I like to think that Local is the last frontier of interactive advertising. Apparently, so do the organizers of this week’s San Francisco AdTech show. The only “local” speakers were Martin Niesenholtz of The New York Times, who sees himself as more of a national figure; and a couple of reps from the pay-per-call industry.
Still, there was some local representation. YellowPages.com, SuperPages.com, Ingenio, Local.com and TrueLocal each had booths – each promoting their localization capabilities to national advertisers, and their interactive agencies. ShopLocal, Local Launch, Live Deal and Laredo Group were there too, among the 9,000 reported exhibit hall attendees.
Big talk at the conference centered on the big trends in online advertising right now: behavioral targeting, verticalization, search and video. Niesenholtz said that behavioral works “particularly well in The Times. It takes hard news inventory …and makes it relevant. Demographics only get you so far.” Niesenholtz added that he’s got the best of both worlds with The Times’ acquisition of About.com, which he boasted was “57,000 channels” of verticalization. “We bought the long tail.” But the strongest growth opportunities are probably reasserting themselves in branded advertising — especially now that online has been more widely accepted as part of the media mix. Search isn’t the path to go for launching Gillette’s new razor, he noted. You probably still start with TV.

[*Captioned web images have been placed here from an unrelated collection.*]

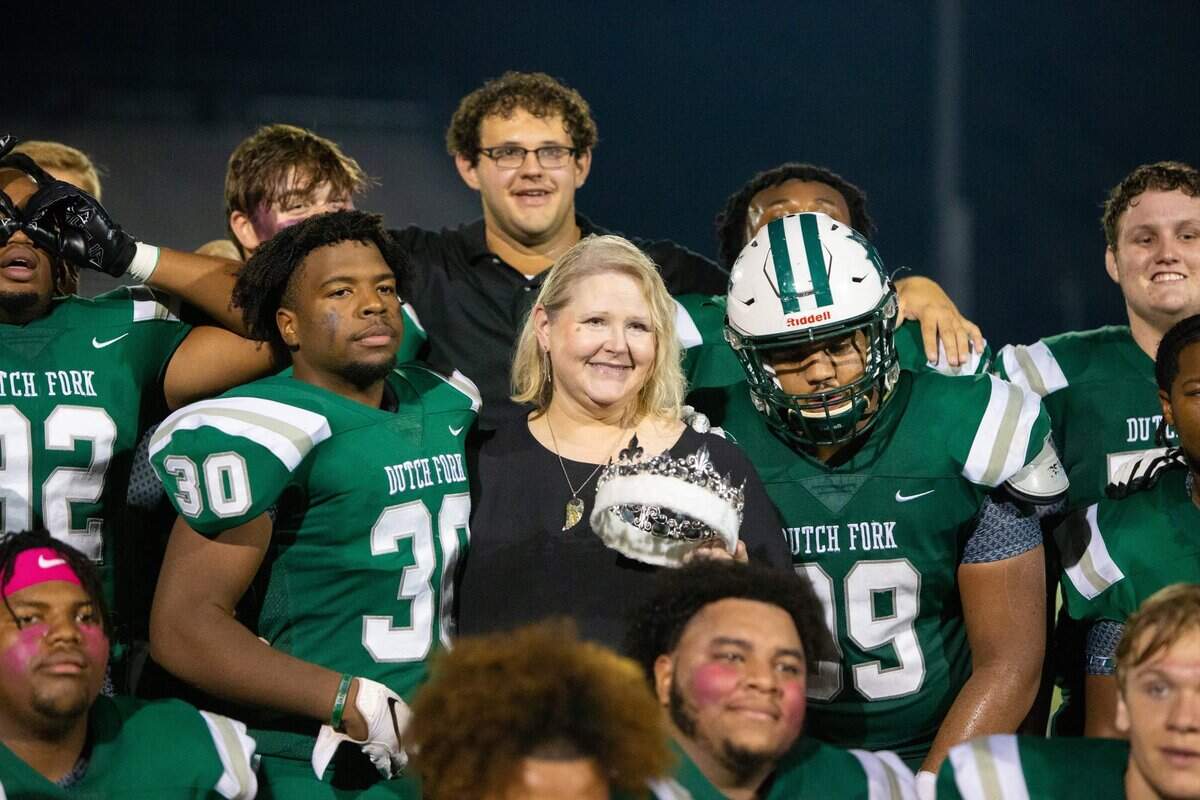 Kelly Hewins Alkhatib, front, poses with the Dutch Fork football team during the 2021 game against River Bluff when Alkhatib’s son, Jack, was named the school’s homecoming king. Jack Alkhatib died in August at a football practice.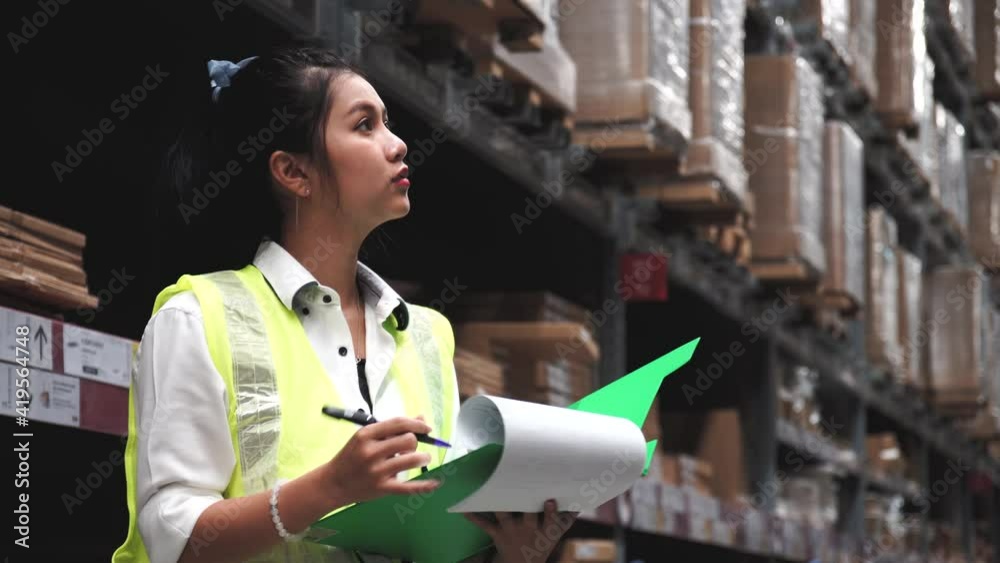Asian Staff woman order details on tablet computer for checking goods and supplies on shelves with goods background in warehouse.logistic and business export. Asian Staff woman order details on tablet computer for checking goods and supplies on shelves with goods background in warehouse.logistic and business export.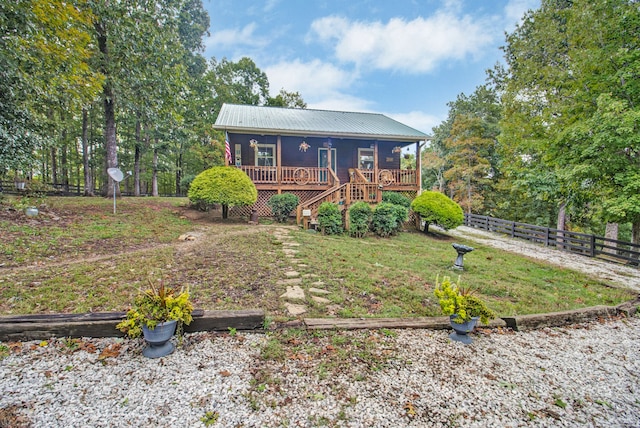 view of front facade with a wooden deck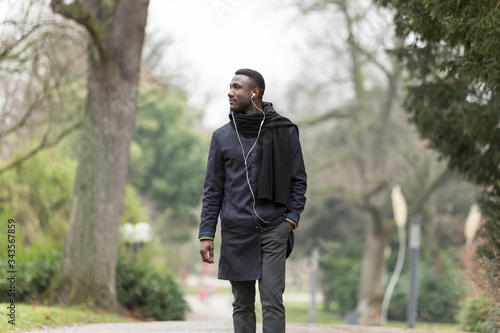 Well Dress Black Man with Hand in Pocket Walking in Park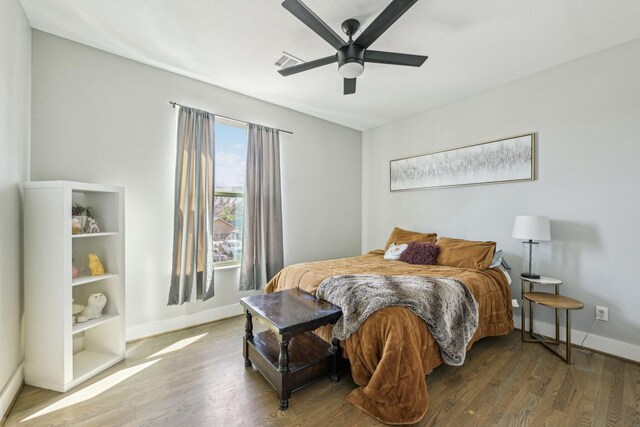 7015 Roswell St, Houston, TX 77022 - bedroom with wood finished floors and a ceiling fan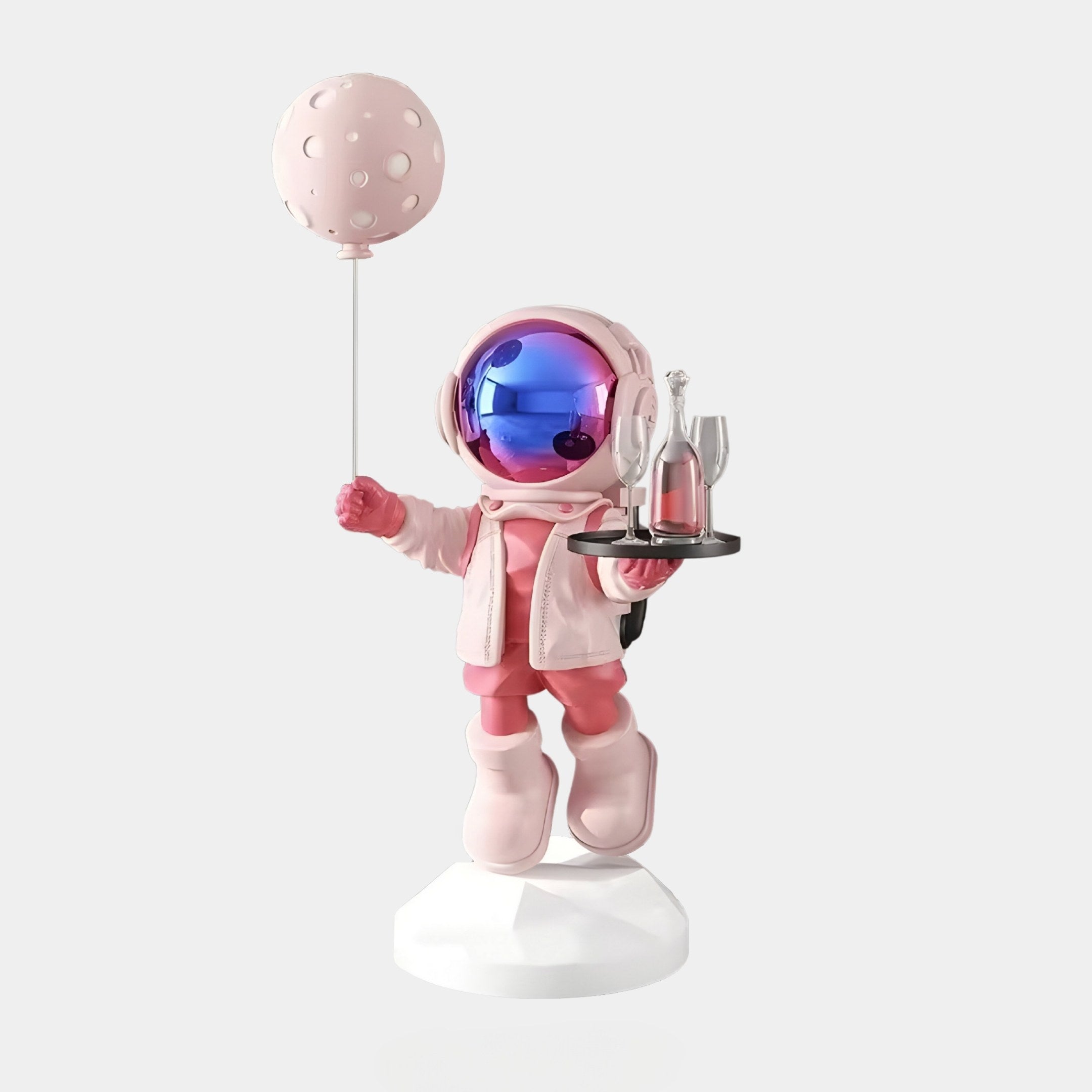 The Stellar Pink Astronaut Butler Balloon Sculpture by Giant Sculptures stands on a white base, showcasing celestial charm with its pink astronaut design, glossy helmet visor, and pink balloon. It holds a tray with two champagne flutes and a bottle. Dimensions: 80cm.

In fact, it was refreshing to go to a conference where search was not front-and-center, but still seen as an important part of the equation as it converges with marketing. Image search, for instance, is becoming increasingly prevalent, and could lead to a new TV paradigm. But image search is “not as relevant as text” for paid search advertising, and adds to “feature creep,” said Kinetic Results’ Kevin Ryan. “It is getting hard to find things,” he complained.